Rogers compiled a 3–1 record as a starter in April 2011 despite a 6.33 ERA. Rogers replaced Ubaldo Jiménez, who was traded to the Cleveland Indians, in the pitching rotation after his trade to the Indians on July 30. He allowed one run on one hit and one walk over those five innings of relief, lowering his season-high ERA from 8.49 to 7.31. On June 12, 2012, the Rockies traded Rogers to the Indians for cash considerations after previously being designated for assignment by the Rockies. He had a 0–2 record and 8.06 ERA with the Rockies in 2012.

Cleveland Indians
Rogers replaced Matt LaPorta on the Indians' active roster on June 13, 2012. "We're hoping that getting him out of the Colorado ballpark and new surroundings, maybe we can cash in on a very good arm", said Indians manager Manny Acta.

Rogers went 3–1 with a 3.06 ERA with 54 strikeouts and 53 innings in 44 games for the Indians.

Toronto Blue Jays
On November 3, 2012, the Toronto Blue Jays announced that they had traded Mike Avilés and Yan Gomes to the Cleveland Indians for Rogers. Rogers made his first start as a Blue Jay against the Atlanta Braves on May 29, 2013. He pitched 3 innings and gave up 3 hits, with 2 walks and 4 strikeouts. Rogers would have received the win, but did not pitch the minimum 5 innings required to be the pitcher of record. On June 13, in his third start of the season, Rogers pitched 7 innings against Yu Darvish and the Texas Rangers, earning the win in a 3–1 game.
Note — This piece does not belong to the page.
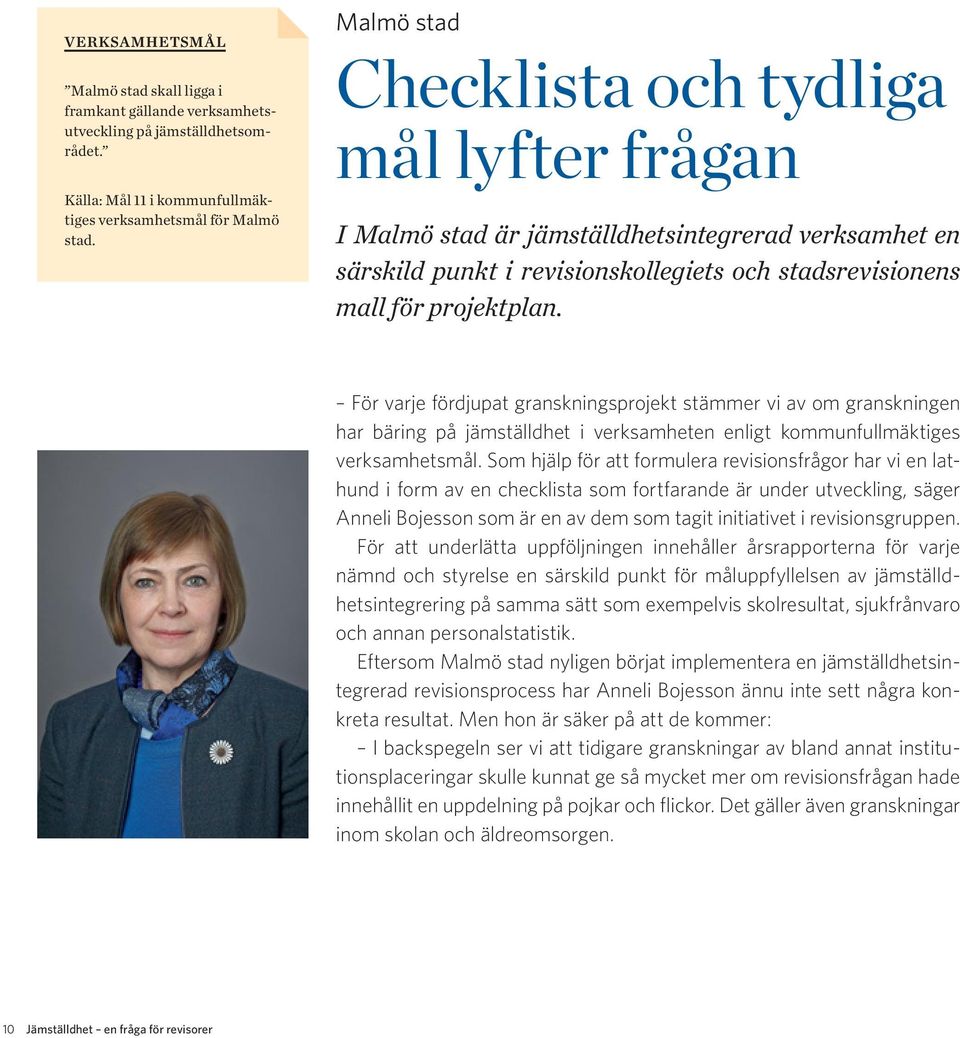 För varje fördjupat granskningsprojekt stämmer vi av om granskningen har bäring på jämställdhet i verksamheten enligt kommunfullmäktiges verksamhetsmål.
On June 18, starting against the Colorado Rockies for the first time in his career, Rogers took a no-hitter into the sixth inning and left with an 8–2 lead after pitching 6 innings. The Blue Jays would win the game 8–3 and extend their winning streak to seven games. The start, Rogers' fourth of the season, put his starters ERA at 1.71. Both manager John Gibbons and catcher J. P. Arencibia attributed Rogers' success to increased confidence and the use of his sinker. Rogers took the loss in a game on June 24 against the Tampa Bay Rays which ended the Blue Jays' 11-game winning streak. In the loss, Rogers gave up three consecutive home runs.

In January 2014, Rogers filed for salary arbitration with Toronto, but came to terms on a 1-year, $1.85 million contract on January 17. On May 23, Rogers was designated for assignment after opening the season with a 6.97 ERA in 16 appearances. He cleared waivers, and was assigned outright to the Triple-A Buffalo Bisons on May 24. His contract was selected on July 22, but he was again designated for assignment on July 27 without appearing for the team.

New York Yankees
On July 31, 2014, the New York Yankees claimed Rogers off waivers from the Blue Jays. He pitched three scoreless innings in his Yankees debut on August 3. On August 8, Rogers pitched five innings, allowed one run, and recorded the win in his first start as a Yankee.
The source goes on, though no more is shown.